Later, the congressman offers his thoughts on voting amid the pandemic, and what threat foreign interference might pose as the United States adapts its election systems to the crisis.

Listen to the episode using the player above or read an edited transcript of the conversation below.


Episode 13: Full Transcript


Himes’ Life in Quarantine

DANKOSKY: Who’s cutting your hair, Jim Himes?

HIMES: Right now, nobody’s getting my hair, but I will tell you that I’ve looked at more than one YouTube video on giving yourself a buzz cut. So it may it may happen.

DANKOSKY: I was gonna say because at a certain point it’s got to happen, right? Something’s gotta give.

HIMES: That’s exactly right. By the way, if you’re an elected official and you know, you get your picture taken from time to time to the buzzcut is a little bit of a belief. And, you know, when we’re gonna be back to normal because part of me says, you know, I even if I screw up my buzzcut, you know, it’s gonna be a while before anybody sees me in public. On the other hand, you know, if things go well and I look like an idiot, you know?

DANKOSKY asks what it’s been like for HIMES being away from Washington and working remotely like a lot of us.

HIMES: Well, the days are long. You know, I typically start the day with an 8:45 conference call with my staff to lay out the day and talk about issues. And, you know, the issues fall into a couple of categories. One is, you know, making sure that we are doing all we can to disseminate information about all the resources that are out there for people that might be, you know, how you can get your unemployment insurance, you know, problems getting the $1,200 payments.
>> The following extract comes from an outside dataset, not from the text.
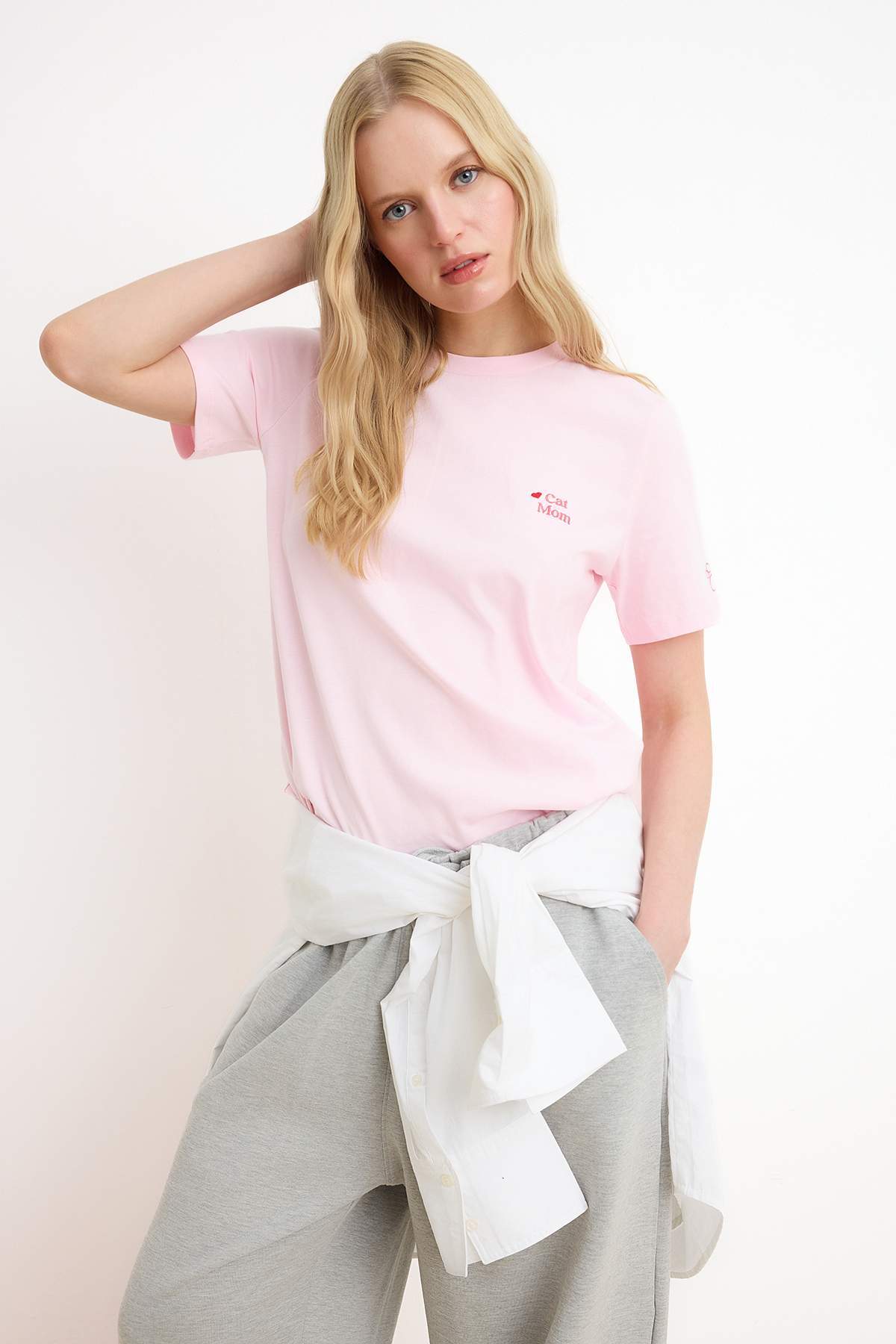 Trendyolmilla  Açık Pembe Nakışlı / İşlemeli Regular/Normal Kalıp Tok %100 Pamuk Örme T-Shirt TWOSS26TS00144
Then there’s a category of things which is about talking about the next package. And you know what needs to be in it and what kind of feedback we’re getting and, you know, what are the problems with the resources that have been made available? And then it is just call after Zoom call after a webinar after WebEx after Google Hangout after Facebook Live, you know, until I sort of feel like I might keel over at about eight or nine o’clock at night.
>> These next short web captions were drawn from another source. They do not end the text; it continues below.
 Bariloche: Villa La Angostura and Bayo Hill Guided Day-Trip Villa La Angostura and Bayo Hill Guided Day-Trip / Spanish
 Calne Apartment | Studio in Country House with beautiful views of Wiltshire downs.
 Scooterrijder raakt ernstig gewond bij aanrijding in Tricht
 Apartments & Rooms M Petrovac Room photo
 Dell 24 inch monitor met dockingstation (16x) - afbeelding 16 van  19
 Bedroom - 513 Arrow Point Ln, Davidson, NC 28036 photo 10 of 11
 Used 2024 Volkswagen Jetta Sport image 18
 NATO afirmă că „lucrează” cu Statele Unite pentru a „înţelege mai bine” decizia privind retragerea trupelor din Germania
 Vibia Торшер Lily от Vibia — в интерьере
Trade-Offs in the Stimulus Package

DANKOSKY: Yeah, it gets tiring. And I think it’s harder to keep an eye on the clock. Well, let me ask you about the packages. First of all, the money that Congress has appropriated for small businesses specifically. You know, you’re reading today in The Washington Post, you’ve already got industry leaders saying, great, we got another $310 billion, but that could run out in just a couple days because big companies might snatch all that up. What are you doing to make sure that the money that is supposed to be going to people who need it the most — businesses that are really on the edges and really struggling right now — how do you make sure that those people get it and not big companies that, frankly, don’t need the money?
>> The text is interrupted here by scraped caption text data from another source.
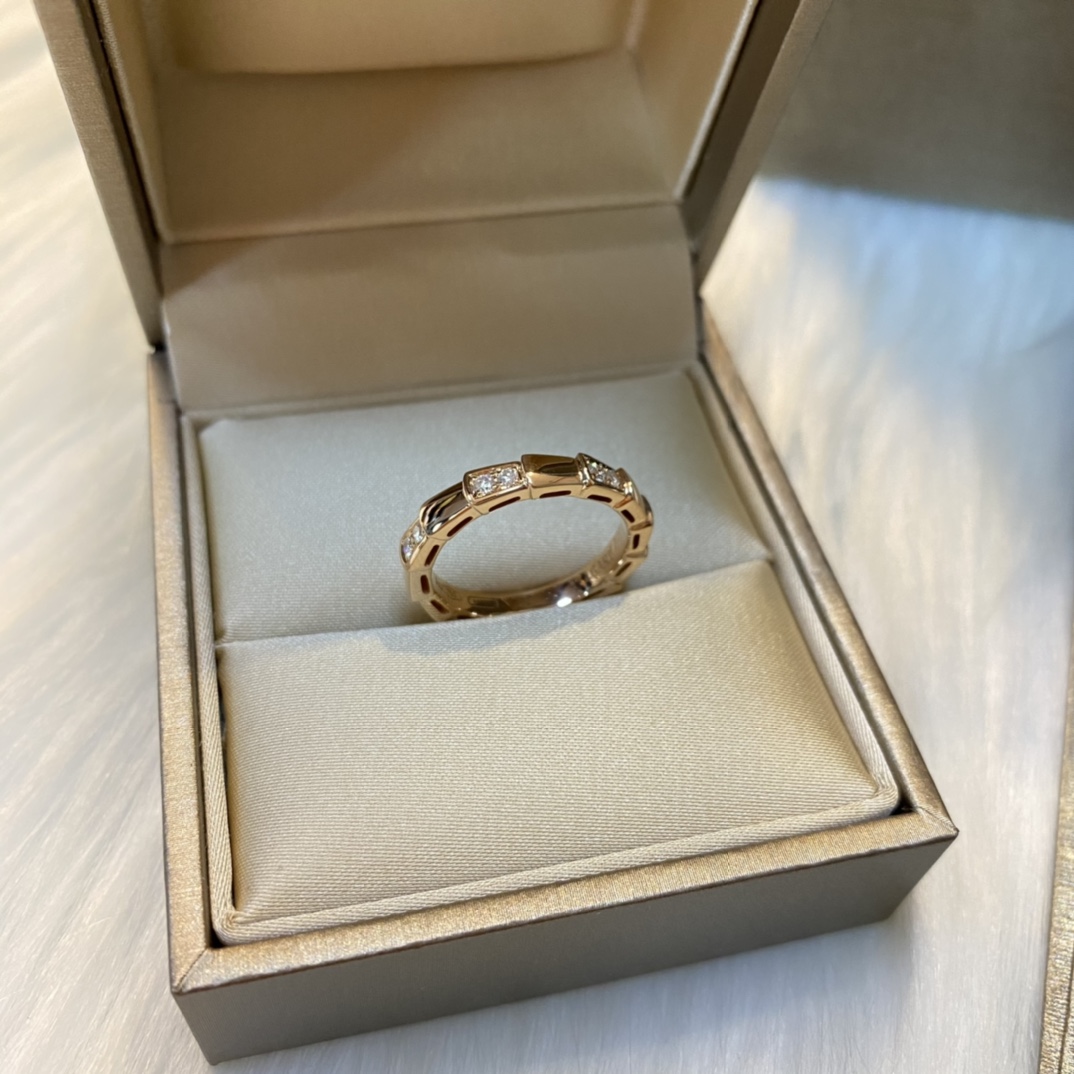 Bvlgari ring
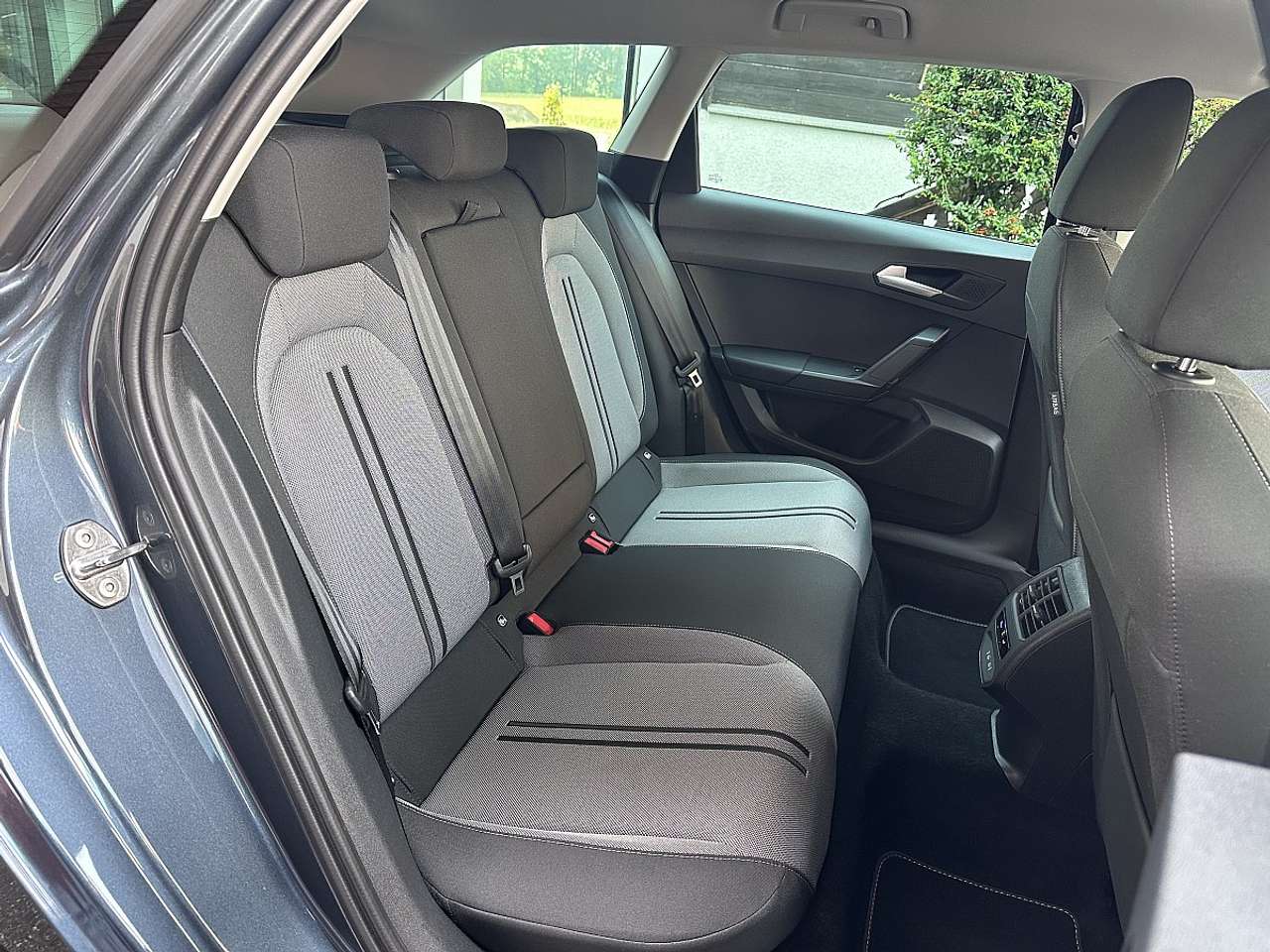 SEAT Leon  SP Style 2,0 TDI *AHK, NAVI, LED*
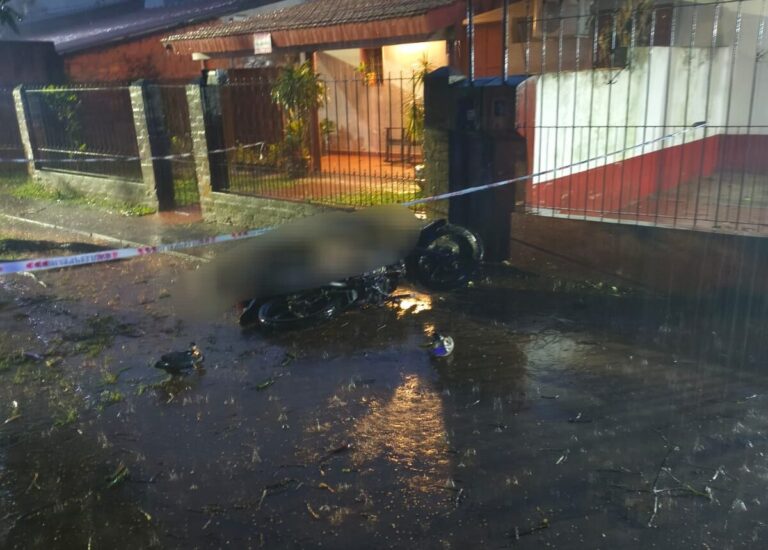Robó una moto afuera de un boliche y minutos después se mató al chocarla contra el muro de una casa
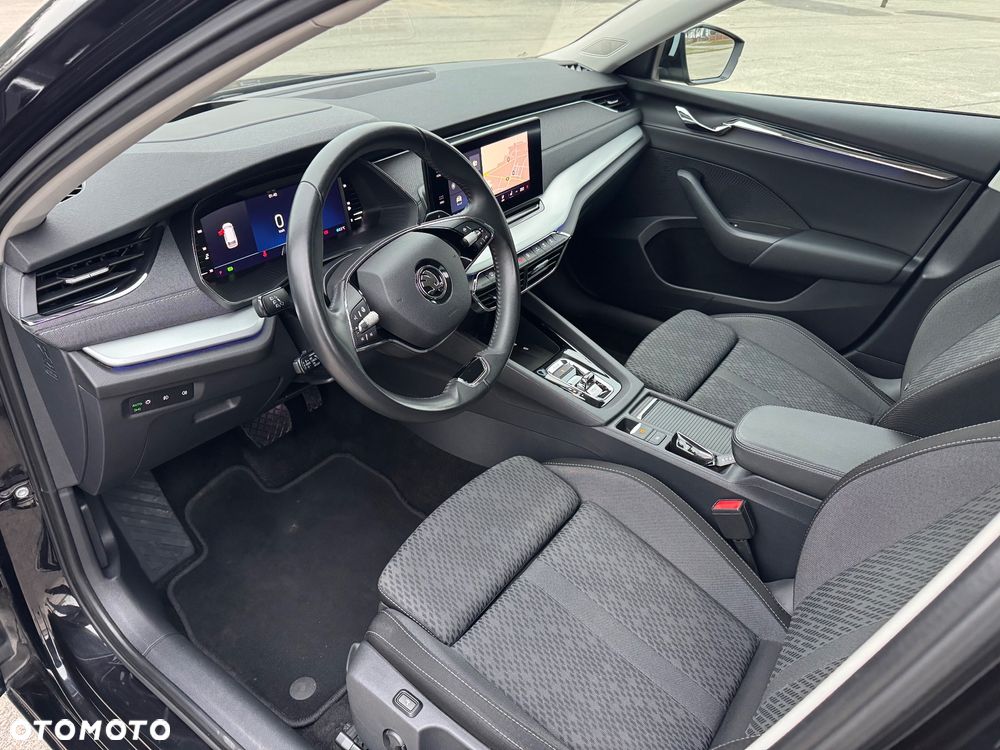 Skoda Octavia 2.0 TDI 4x4 Style DSG - 9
HIMES: Yeah, well, look, I think we should be honest about the nature of the program, right? You said it was supposed to go to the people who needed it the most. That’s actually not right. And I don’t feel good about that. It was supposed to get a lot of money out really quickly. There was no mechanism in the original CARES bill to create a screening process where you could say, OK, here’s a, you know, 10 person restaurant that’s about to go under. This person should move to the front of the line relative to a publicly traded company that maybe has, you know, a bank line. So when you say it was supposed to, I mean, we need to be clear about this, it wasn’t. And that may have been a mistake. But the trade off and, you know, life is a series of tradeoffs, the tradeoff was remember when the first CARES bill passes, you know, 20 million Americans have already been thrown out of work. Most businesses are saying, I probably have a day or two, maybe a week before I have to start firing people or even closing my doors. And so, you know, the Congress acted extremely quickly through a tried and true mechanism that’s, you know, the bank’s 7a lending mechanism. So this was a case where, whether we like it or not and whether it was the right decision or not, the Congress chose to go with speed, right?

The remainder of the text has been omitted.